The slowdown in new lending is tied in part to rising troubles in the office market, according to a new analysis from the Federal Deposit Insurance Corp., which released its annual banking risk review on Monday.
Bankers have reported tighter lending policies and weaker demand for all types of commercial real estate loans over the past year. In addition, they have said they also expect to tighten lending standards in 2023 across all loan categories.
The office sector is particularly vulnerable to deterioration in new lending and asset quality, the FDIC reported. With a decline in office demand and weak rent growth, some borrowers may have difficulty refinancing.

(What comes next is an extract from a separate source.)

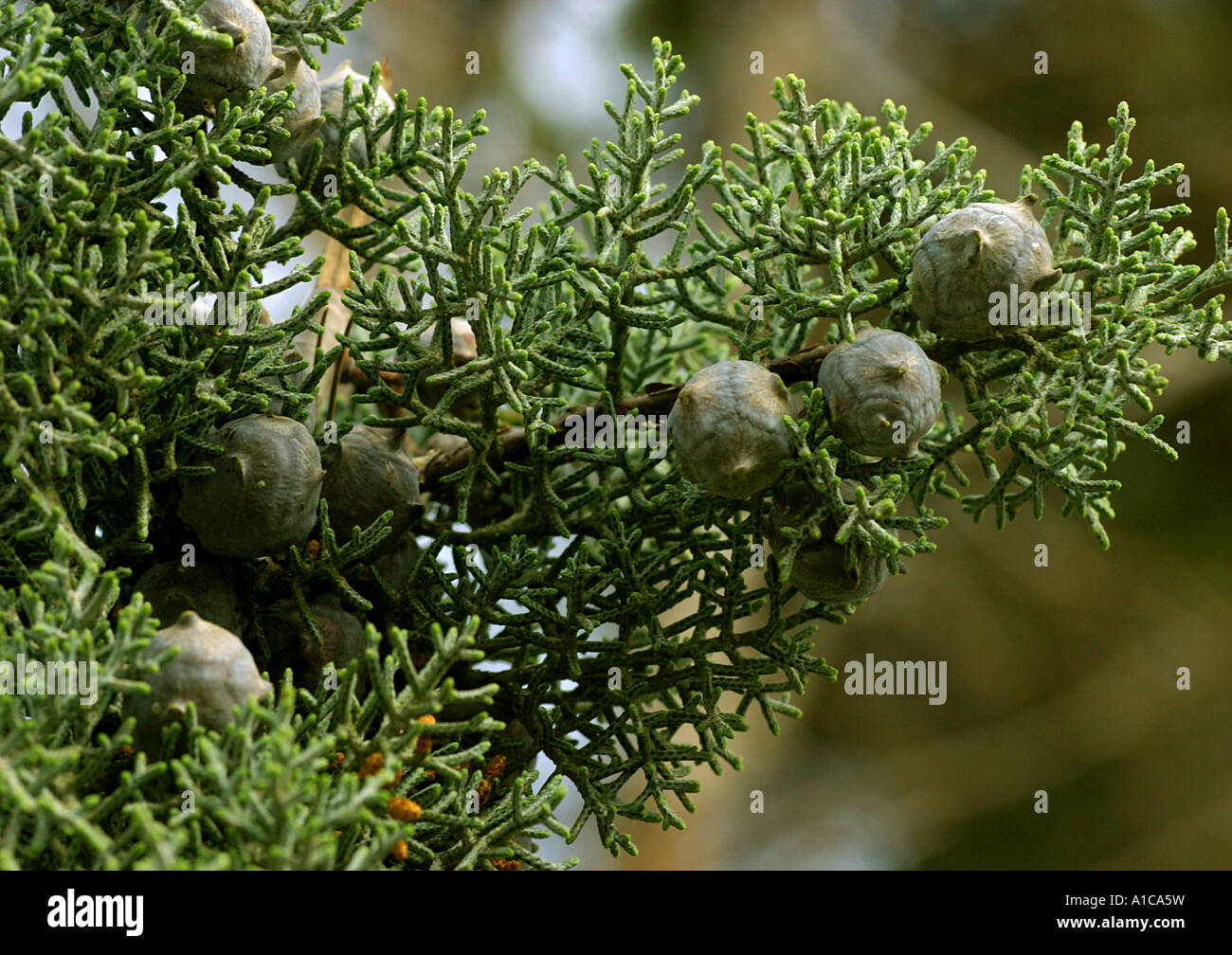 smooth Arizona cypress (Cupressus glabra, Cupressus arizonica ssp. glabra), twig with cones, Spain, Majorca Stock Photo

Longer-term leases, which are prevalent in the office sector, helped to insulate property owners from reduced occupancy as tenants continued to pay during 2022, the FDIC reported. However, the inability to renew expiring leases at viable rental rates, coupled with the erosion in office values, could make refinancing more difficult for some property owners without raising additional capital.
While overall commercial real estate loan delinquencies remained low among the banking industry through the first quarter, commercial real estate lenders may face challenges — particularly among loans backed by office properties in some large, urban markets — should conditions continue to weaken this year, according to the FDIC.
The slowdown in lending has been pronounced over the past three quarters, according to the latest research from CBRE.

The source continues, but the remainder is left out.